What is needed
Word for word, restate the lines of the data below between those holding "Boho rutilated quartz" and "Поддерживайте гидратацию для", inclusive; pictures do not belong in the copy.

Data
============================================================
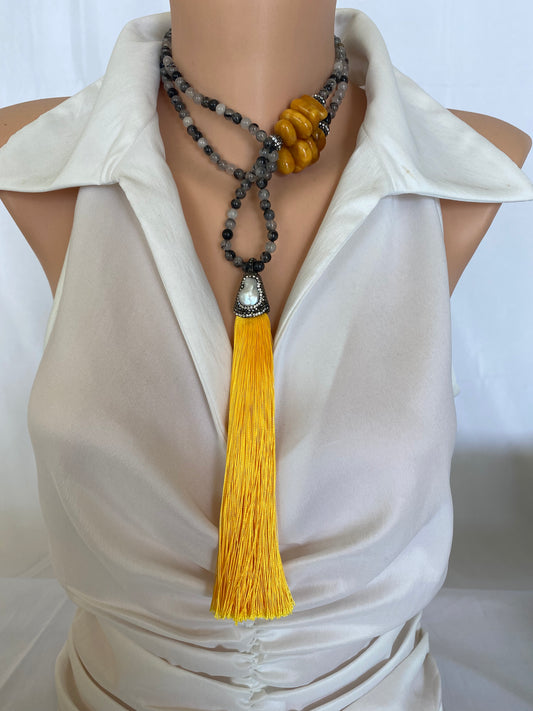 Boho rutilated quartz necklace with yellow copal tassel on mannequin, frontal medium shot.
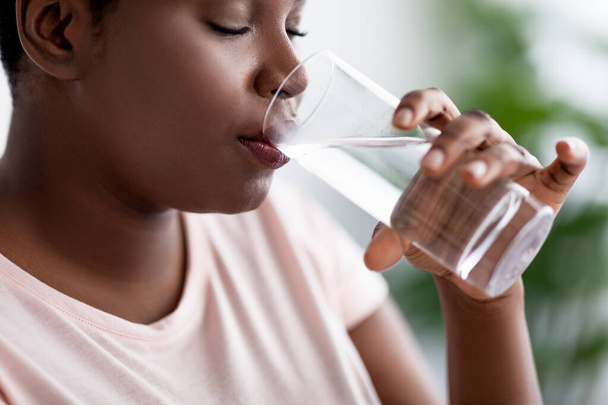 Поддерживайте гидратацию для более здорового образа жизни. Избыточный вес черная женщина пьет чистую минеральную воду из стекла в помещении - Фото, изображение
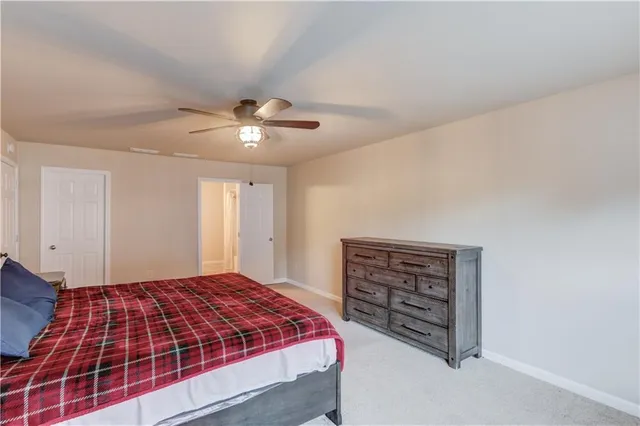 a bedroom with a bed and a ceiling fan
============================================================
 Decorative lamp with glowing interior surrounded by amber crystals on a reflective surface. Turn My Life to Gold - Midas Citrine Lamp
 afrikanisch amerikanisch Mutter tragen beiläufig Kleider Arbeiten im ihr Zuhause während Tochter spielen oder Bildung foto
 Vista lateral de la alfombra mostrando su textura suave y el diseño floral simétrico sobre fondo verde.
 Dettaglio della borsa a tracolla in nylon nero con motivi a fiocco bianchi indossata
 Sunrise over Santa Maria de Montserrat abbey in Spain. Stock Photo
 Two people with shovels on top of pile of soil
============================================================
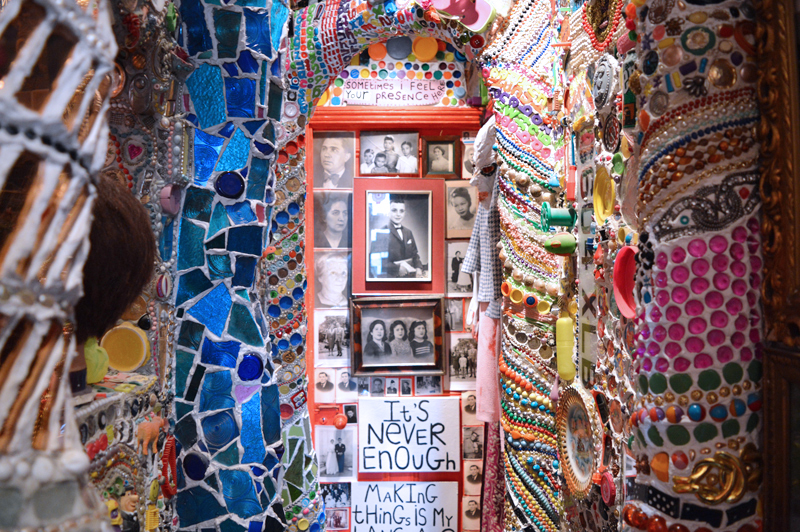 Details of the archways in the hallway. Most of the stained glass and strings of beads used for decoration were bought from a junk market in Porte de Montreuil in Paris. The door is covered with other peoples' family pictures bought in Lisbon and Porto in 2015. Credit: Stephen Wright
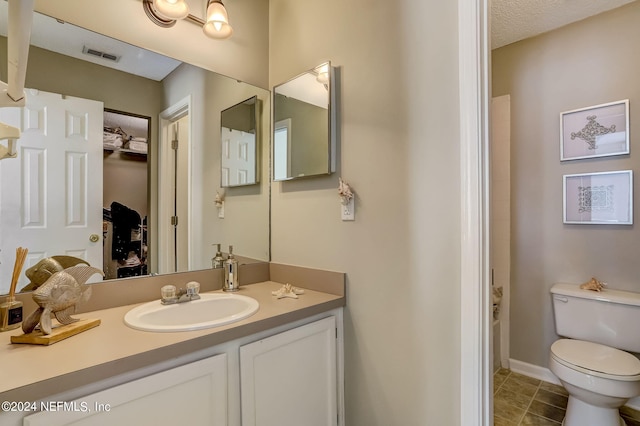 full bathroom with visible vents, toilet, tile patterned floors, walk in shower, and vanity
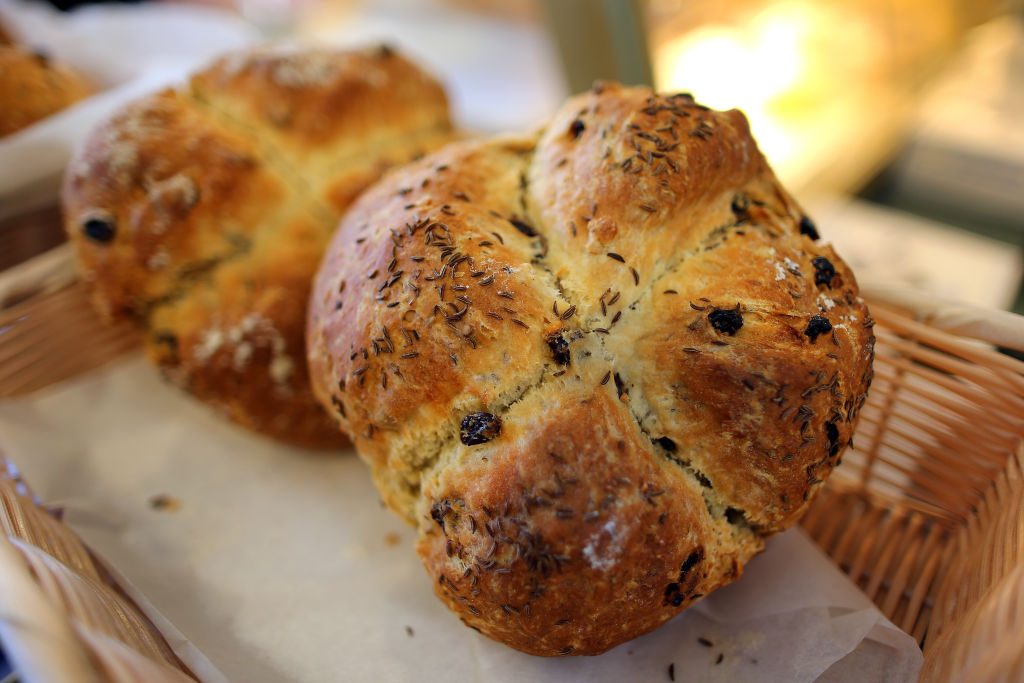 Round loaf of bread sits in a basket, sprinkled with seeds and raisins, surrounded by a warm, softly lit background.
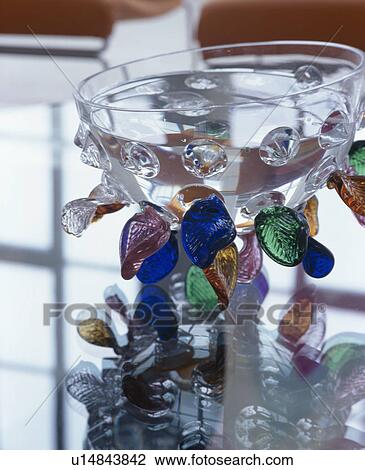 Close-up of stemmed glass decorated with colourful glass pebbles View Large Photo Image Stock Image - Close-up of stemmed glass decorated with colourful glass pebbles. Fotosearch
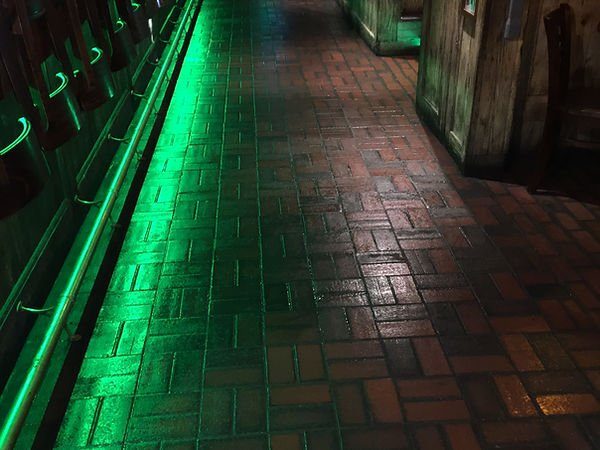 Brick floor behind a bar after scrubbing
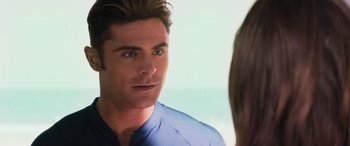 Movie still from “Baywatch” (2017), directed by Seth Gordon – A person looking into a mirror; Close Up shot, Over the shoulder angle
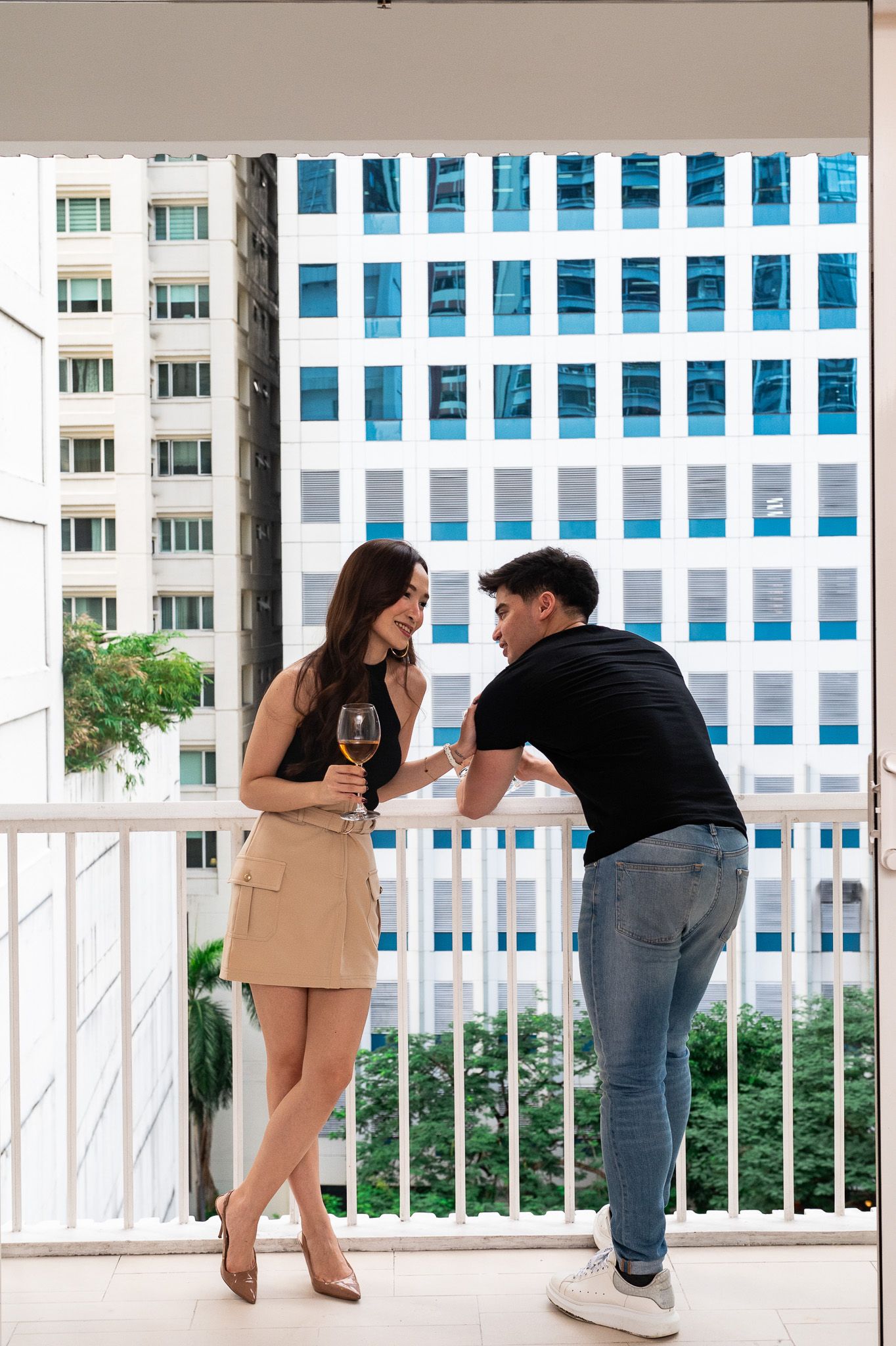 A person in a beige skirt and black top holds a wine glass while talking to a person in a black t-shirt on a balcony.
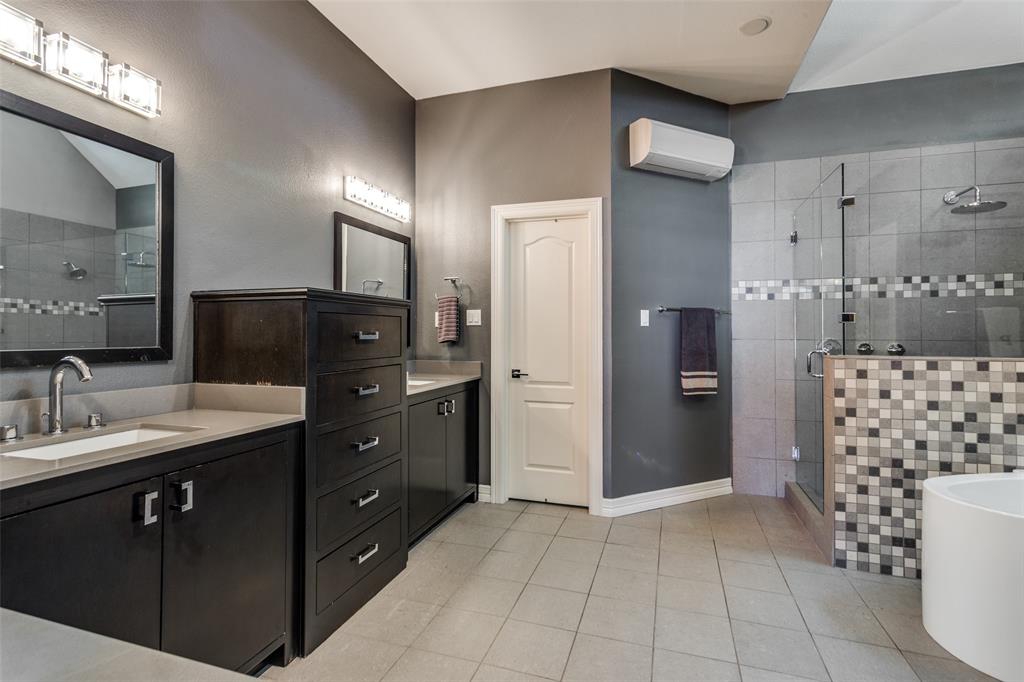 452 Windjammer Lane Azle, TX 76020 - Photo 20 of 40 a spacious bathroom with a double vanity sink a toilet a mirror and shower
============================================================
The answer
 Boho rutilated quartz necklace with yellow copal tassel on mannequin, frontal medium shot.
 Поддерживайте гидратацию для более здорового образа жизни. Избыточный вес черная женщина пьет чистую минеральную воду из стекла в помещении - Фото, изображение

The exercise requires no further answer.